TRY IT: Please write out only the lines from the line with "Garaje en venta en Avenida Puerta del Mar" to the line with "Land Rover Evoque 2015 — фото 11", inclusive, exactly as they stand below, without the pictures.

PROVIDED RECORDS:
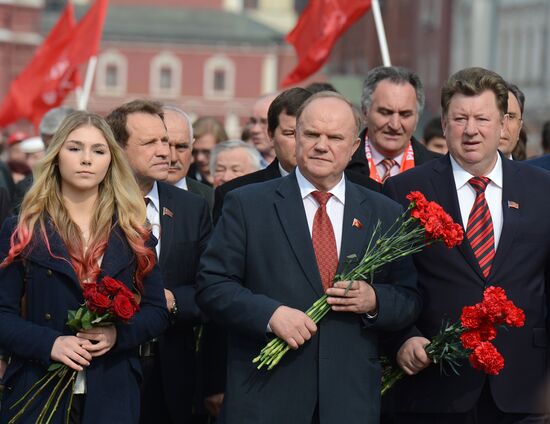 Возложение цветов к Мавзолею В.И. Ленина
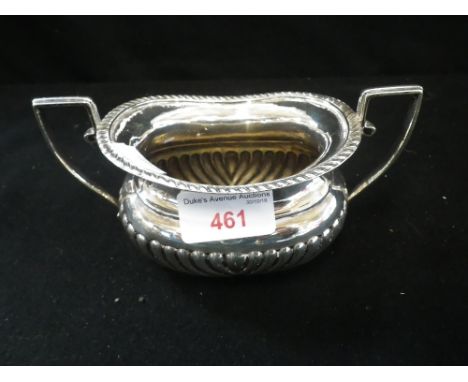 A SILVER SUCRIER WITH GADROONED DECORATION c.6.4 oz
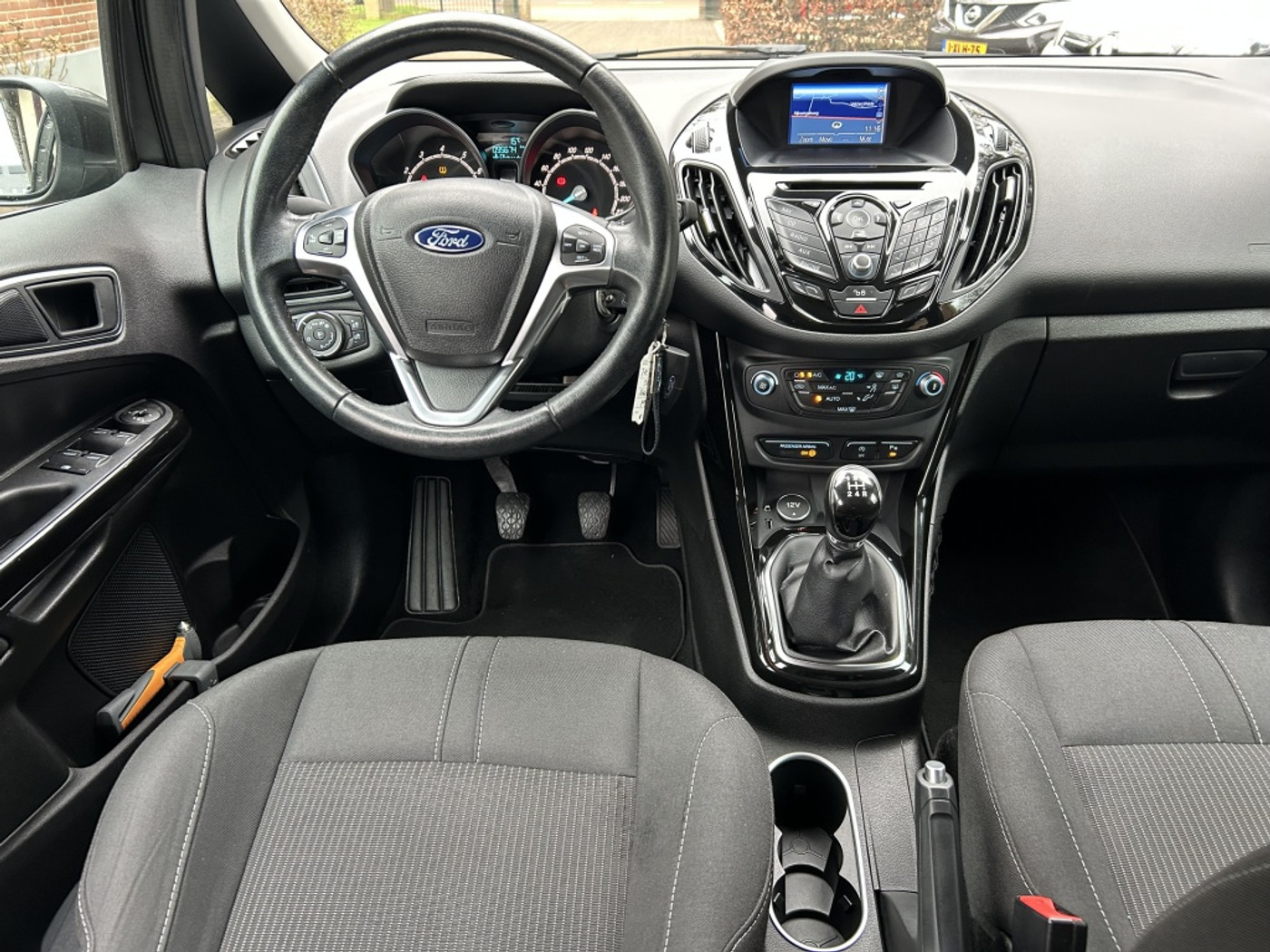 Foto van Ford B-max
...
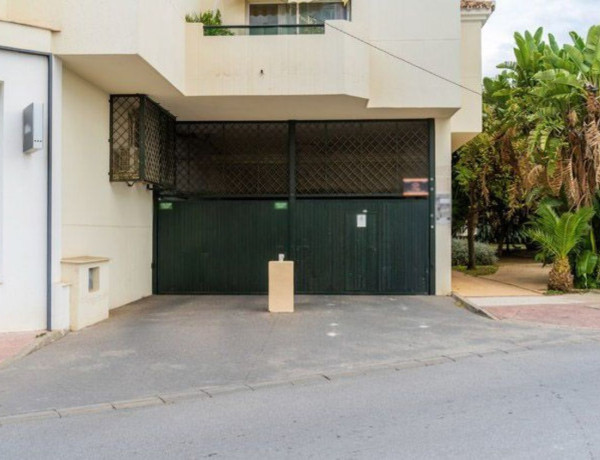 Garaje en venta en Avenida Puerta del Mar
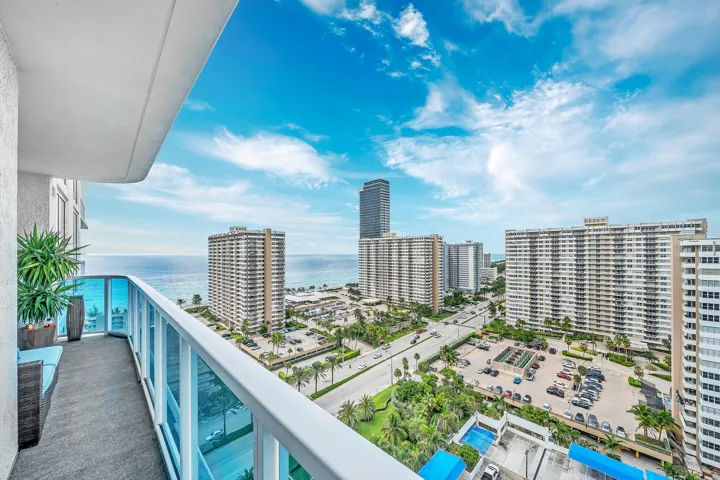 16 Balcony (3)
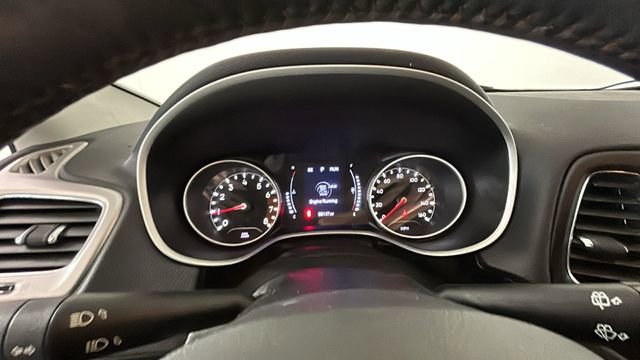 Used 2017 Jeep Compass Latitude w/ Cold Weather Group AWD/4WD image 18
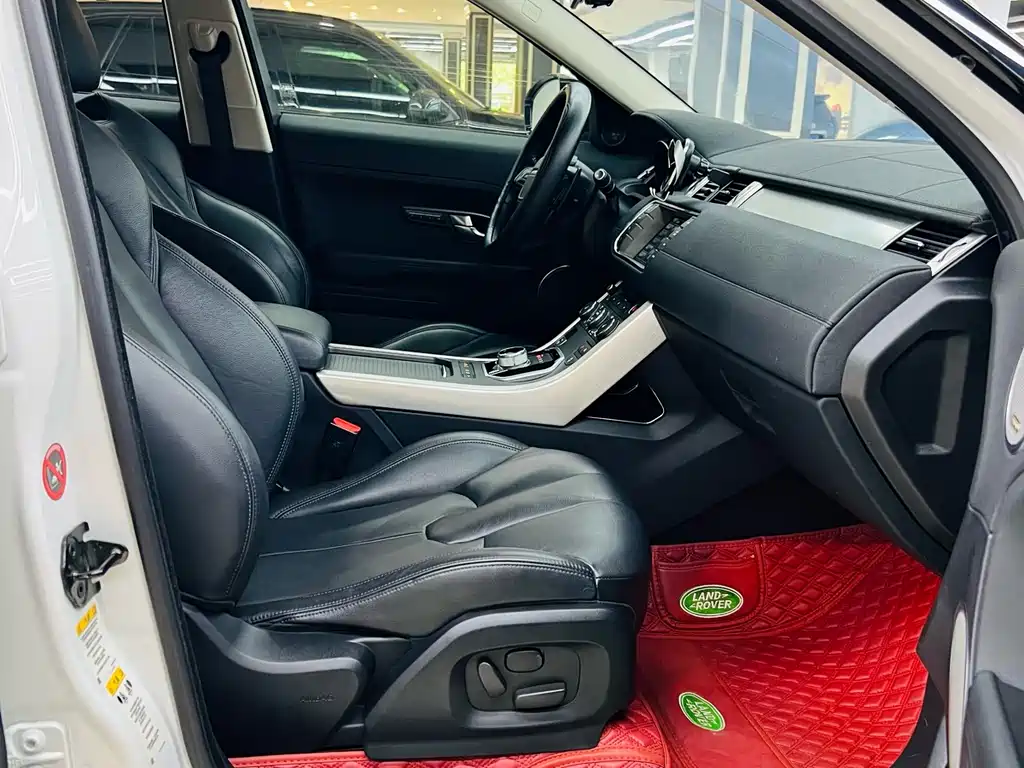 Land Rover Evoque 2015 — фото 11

RESPONSE AREA:
 Garaje en venta en Avenida Puerta del Mar
 16 Balcony (3)
 Used 2017 Jeep Compass Latitude w/ Cold Weather Group AWD/4WD image 18
 Land Rover Evoque 2015 — фото 11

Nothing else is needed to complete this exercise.